Businesses often have close relationships with software vendors, and that close-ness usually is in direct proportion to the extent and importance of those vendors’ software products in the businesses’ network environments. However, despite their best marketing efforts, software vendors’ interests always will remain aligned primarily with their own bottom line, and that often means that information shared with them can and will be used against licensees in future transactions or, worse, in the context of an audit.

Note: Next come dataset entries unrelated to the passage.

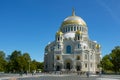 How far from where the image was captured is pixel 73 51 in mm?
101500

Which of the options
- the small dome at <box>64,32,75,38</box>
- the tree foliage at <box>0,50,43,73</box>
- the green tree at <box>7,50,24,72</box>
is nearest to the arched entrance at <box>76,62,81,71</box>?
the small dome at <box>64,32,75,38</box>

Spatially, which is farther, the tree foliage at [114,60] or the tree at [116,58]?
the tree foliage at [114,60]

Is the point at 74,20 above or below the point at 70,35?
above

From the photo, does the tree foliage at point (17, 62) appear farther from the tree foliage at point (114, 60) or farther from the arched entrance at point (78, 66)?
the tree foliage at point (114, 60)

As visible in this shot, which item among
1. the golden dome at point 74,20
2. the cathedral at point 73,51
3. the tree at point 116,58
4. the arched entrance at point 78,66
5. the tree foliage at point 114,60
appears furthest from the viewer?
the golden dome at point 74,20

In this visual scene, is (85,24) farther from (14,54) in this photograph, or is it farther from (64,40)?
(14,54)

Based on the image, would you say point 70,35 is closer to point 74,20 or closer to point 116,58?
point 74,20

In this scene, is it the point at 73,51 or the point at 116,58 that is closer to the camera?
the point at 116,58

When it comes to being audited – despite any historically warm relations with account representatives or other vendor representatives and regardless of whether the vendors refer to the audits with euphemisms like “license verifications” or “software asset management engagements” – companies must understand that their legal and business interests have been threatened, and they should be prepared to respond in kind. That does not necessarily mean that a legal response is required, but legal teams absolutely must be involved in the audit-response process, and the company should be prepared to defend its interests with a comprehensive audit-response plan. Some of the basic elements of such a plan include the following:
- Communications For larger enterprises, legal team members should assume primary responsibility for all communications with vendors and auditors during the course of any vendor-initiated license verifications. There may be cases where it would be appropriate for business teams to remain on point, but, at the very least, all communications with the vendor should be routed through a single point of contact in order to avoid situations where vendors or auditors receive inconsistent communications from the audited company.

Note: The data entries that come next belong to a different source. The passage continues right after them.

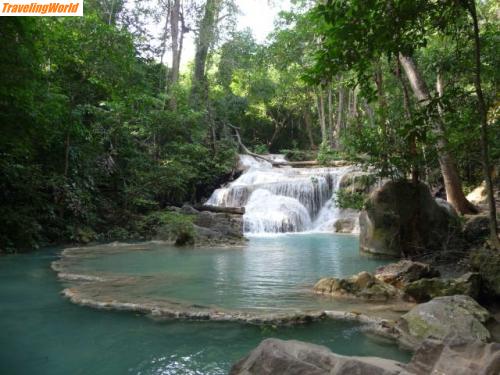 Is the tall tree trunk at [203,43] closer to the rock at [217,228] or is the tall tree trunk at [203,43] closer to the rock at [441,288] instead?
the rock at [217,228]

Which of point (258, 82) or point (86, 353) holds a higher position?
point (258, 82)

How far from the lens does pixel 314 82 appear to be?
11.9 feet

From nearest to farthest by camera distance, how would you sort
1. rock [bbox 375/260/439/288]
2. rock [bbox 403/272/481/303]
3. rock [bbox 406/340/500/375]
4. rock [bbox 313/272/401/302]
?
rock [bbox 406/340/500/375], rock [bbox 403/272/481/303], rock [bbox 313/272/401/302], rock [bbox 375/260/439/288]

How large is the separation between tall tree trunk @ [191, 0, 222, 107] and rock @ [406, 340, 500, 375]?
69.7 feet

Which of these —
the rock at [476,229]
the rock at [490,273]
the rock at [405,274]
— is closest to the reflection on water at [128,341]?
the rock at [405,274]

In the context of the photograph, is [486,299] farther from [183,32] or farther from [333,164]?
[183,32]

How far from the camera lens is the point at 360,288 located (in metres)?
5.21

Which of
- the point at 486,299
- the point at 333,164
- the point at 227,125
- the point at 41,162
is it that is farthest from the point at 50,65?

- Pre-Audit Agreements Of equal importance is the necessity of confirming the scope and process for the audit in a written, pre-audit agreement with the vendor and any third-party auditors engaged to conduct the audit. It is very common for the scope of an audit to evolve (and typically expand) over the course of an engagement, and such “scope creep” typically only results in higher exposure for the audited business. Pre-audit agreements often include terms addressing the following:
o Geographic and technical scope of audit investigations (to be as limited as possible)

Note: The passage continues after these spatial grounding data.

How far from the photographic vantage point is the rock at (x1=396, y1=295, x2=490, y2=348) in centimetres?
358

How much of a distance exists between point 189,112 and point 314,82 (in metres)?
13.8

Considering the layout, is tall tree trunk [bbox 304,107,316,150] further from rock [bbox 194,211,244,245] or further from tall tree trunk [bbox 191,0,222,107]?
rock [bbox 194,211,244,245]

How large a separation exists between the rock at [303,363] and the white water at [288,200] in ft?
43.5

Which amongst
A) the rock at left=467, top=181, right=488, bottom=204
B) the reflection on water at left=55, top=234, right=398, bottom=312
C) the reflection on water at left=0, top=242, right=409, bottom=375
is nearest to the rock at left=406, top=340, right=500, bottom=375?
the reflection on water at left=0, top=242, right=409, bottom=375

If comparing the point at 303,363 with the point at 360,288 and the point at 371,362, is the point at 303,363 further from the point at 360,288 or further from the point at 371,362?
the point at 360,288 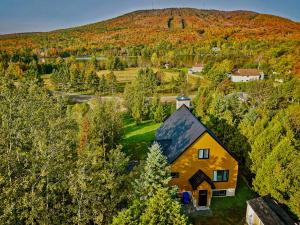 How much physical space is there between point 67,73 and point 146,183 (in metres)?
73.2

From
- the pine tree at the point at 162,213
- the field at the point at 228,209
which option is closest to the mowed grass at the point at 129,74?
the field at the point at 228,209

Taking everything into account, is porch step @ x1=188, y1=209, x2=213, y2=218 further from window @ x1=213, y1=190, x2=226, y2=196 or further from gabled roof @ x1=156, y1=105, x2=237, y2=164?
gabled roof @ x1=156, y1=105, x2=237, y2=164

o Litigation forbearance while audit is pending
o Confidentiality and inadmissibility of audit information
o Agreed audit-resolution and post-audit compliance steps
However, the most important thing to keep in mind during an audit is the fact that just because a vendor may have the contractual right to conduct an audit, that does not mean that all of its demands will be consistent with agreed audit terms or that there is no possibility to negotiate more favorable terms in the interest of preserving the relationship. A strong audit-response policy can greatly help a business to maximize opportunities for a more favorable outcome.